-- Records provided --
::::::

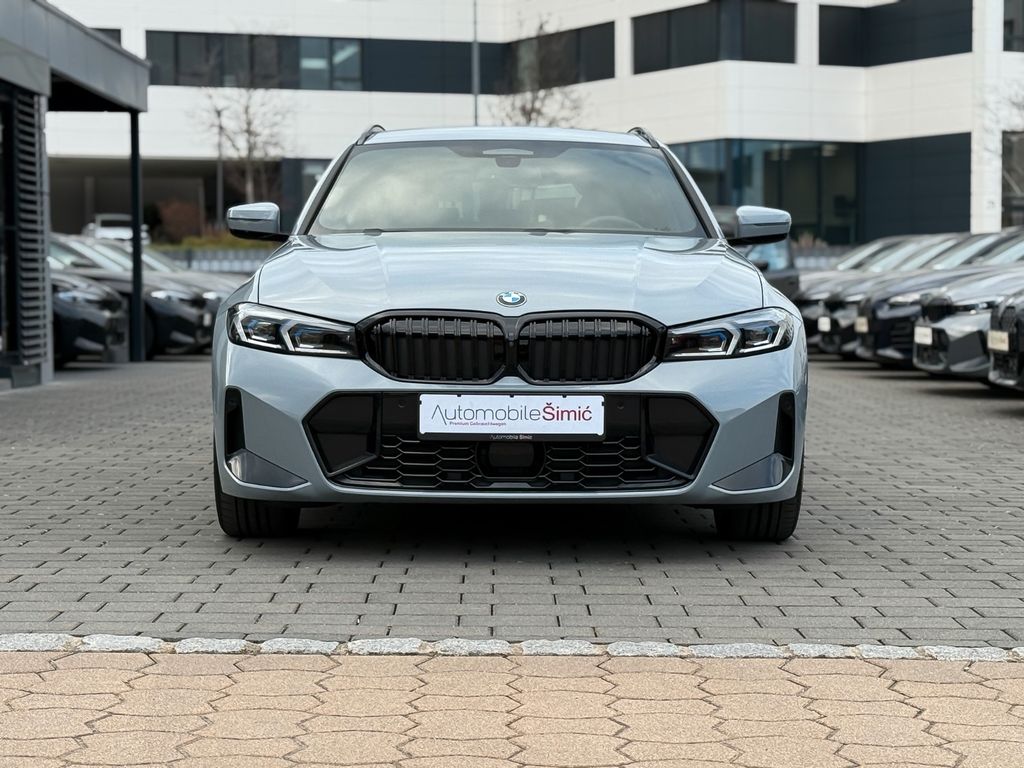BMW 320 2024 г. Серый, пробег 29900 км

::::::

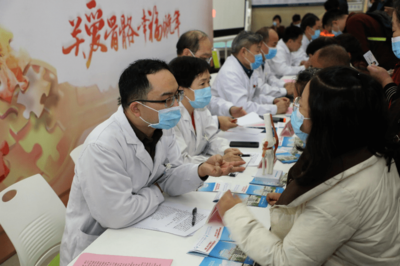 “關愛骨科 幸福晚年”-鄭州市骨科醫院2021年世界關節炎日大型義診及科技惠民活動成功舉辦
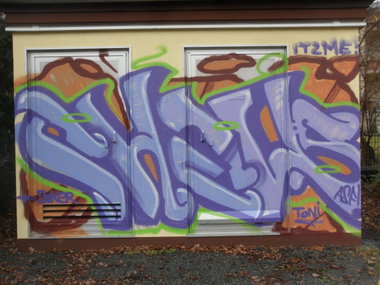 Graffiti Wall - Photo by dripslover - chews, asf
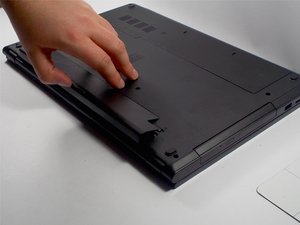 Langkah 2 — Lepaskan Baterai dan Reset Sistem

::::::

Look above for the line containing "Graffiti Wall - Photo", then write out every line from there down to the line containing "Langkah 2 —", that line included, with no pictures.

-- The completed task --
 Graffiti Wall - Photo by dripslover - chews, asf
 Langkah 2 — Lepaskan Baterai dan Reset Sistem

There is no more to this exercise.